A <think>-style reasoning vision-language model: Qwen/Qwen3.6-27B (VLM) post-trained with a Cascade-style recipe (reasoning SFT cold-start → sequential, domain-wise RLVR + MOPD on-policy self-distillation), after the method in nvidia/Nemotron-Cascade-2-30B-A3B (arXiv 2603.19220). This is the full-precision BF16 master: the re-quantizable source of truth. It carries a 1-layer qwen3_5_mtp draft head (verbatim base head, kept BF16) for NEXTN speculative decoding.

The two-repo pattern

Repo Artifact For
natfii/Qwen3.6-27B-VLM-Cascade (this one) BF16 master + base mtp.* draft head Re-quantizing to any format (NVFP4 / FP8 / AWQ / GGUF…), further fine-tuning, BF16 inference, the QAD/distill teacher
natfii/Qwen3.6-27B-VLM-Cascade-NVFP4-MTP NVFP4 body + BF16 lm_head + BF16 MTP head Drop-in GB10 / DGX Spark deployment build (vLLM NEXTN spec-decode)

Lineage

Base Qwen/Qwen3.6-27B (VLM, image-text-to-text), apache-2.0
Post-training Cascade-style: reasoning SFT → sequential RLVR + MOPD self-distillation, vision tower frozen
Precision BF16 throughout (this is the master; not quantized)
MTP draft head 1-layer qwen3_5_mtp head (verbatim base head, kept BF16)

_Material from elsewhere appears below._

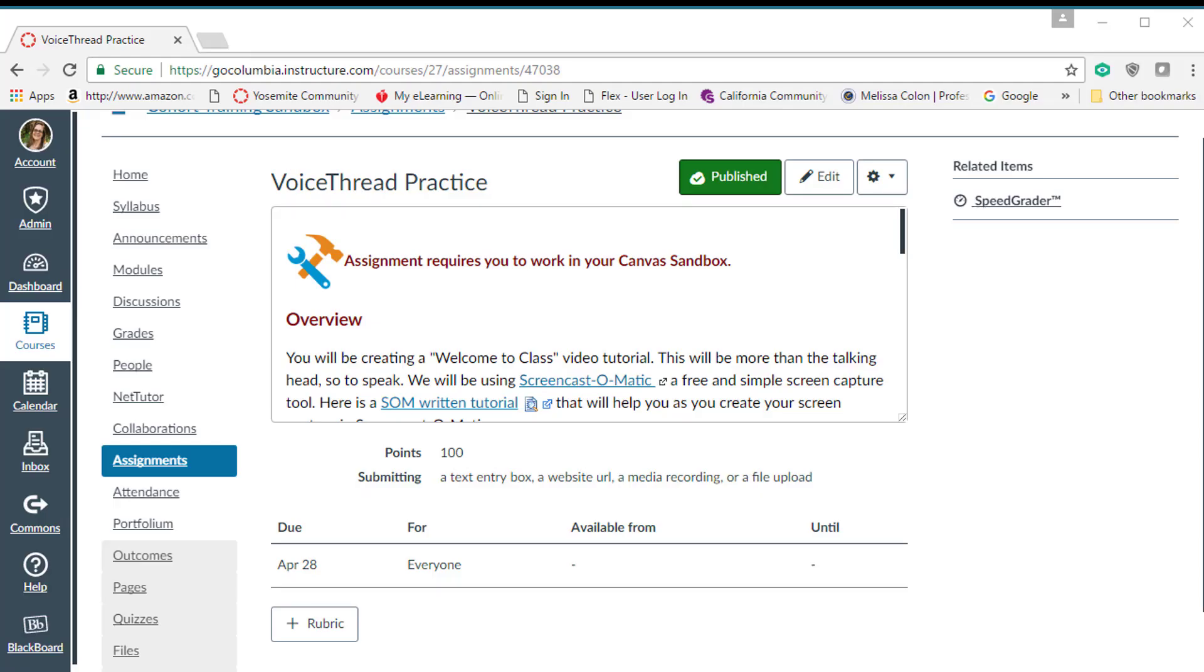Hello everyone, Melissa Colon here, the Distance Education Coordinator, and I'm going to show you today how you can add a rubric to your assignment.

Architecture (from config.json)

  • 27B params, hybrid attention: 16 full-attention + 48 linear-attention layers (full_attention_interval=4), hidden_size=5120, num_hidden_layers=64. The layer_types list places full attention at indices 3, 7, 11, …, 63; the other 48 are GatedDeltaNet (linear-attention) blocks with a constant-size recurrent state (context-length independent).
  • Full attention: 24 query / 4 KV heads, head_dim=256 (GQA).
  • Vision tower (model.visual.*) in BF16; frozen during all post-training. Skip at serve time for text-only workloads if your runtime supports it.
  • MTP: 1 draft-head layer (mtp_num_hidden_layers=1, mtp_use_dedicated_embeddings=False) — fuses [previous-token embedding ; target hidden state] through a small FC, runs one decoder block, and reuses lm_head. Here the head is the verbatim base draft head, kept BF16.
  • vocab_size=248320.

The MTP head

This repo ships the verbatim base qwen3_5_mtp draft head — the original 1-layer head, kept BF16, grafted additively onto the post-trained body for NEXTN speculative decoding. Spec-decode is lossless (the draft head only affects decode speed, never the output), so the base head is a safe default; re-measure accepted length on your serving stack, and optionally re-align the head to this target if you want higher acceptance.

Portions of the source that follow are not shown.